* Work request: Locate all lines in the data below that hold "with" and show them.

:: Data for the task

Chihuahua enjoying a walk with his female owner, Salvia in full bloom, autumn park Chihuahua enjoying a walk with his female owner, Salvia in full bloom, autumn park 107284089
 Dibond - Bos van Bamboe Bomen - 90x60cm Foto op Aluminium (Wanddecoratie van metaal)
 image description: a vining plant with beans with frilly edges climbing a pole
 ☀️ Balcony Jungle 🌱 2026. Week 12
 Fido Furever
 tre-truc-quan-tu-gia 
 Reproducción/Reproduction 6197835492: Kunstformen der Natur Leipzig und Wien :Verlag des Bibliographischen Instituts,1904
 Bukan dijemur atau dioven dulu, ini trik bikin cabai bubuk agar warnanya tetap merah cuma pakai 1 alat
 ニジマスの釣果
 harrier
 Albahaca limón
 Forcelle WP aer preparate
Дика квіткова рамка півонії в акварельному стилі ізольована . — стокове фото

::::

* Written answer:
Chihuahua enjoying a walk with his female owner, Salvia in full bloom, autumn park Chihuahua enjoying a walk with his female owner, Salvia in full bloom, autumn park 107284089
 image description: a vining plant with beans with frilly edges climbing a pole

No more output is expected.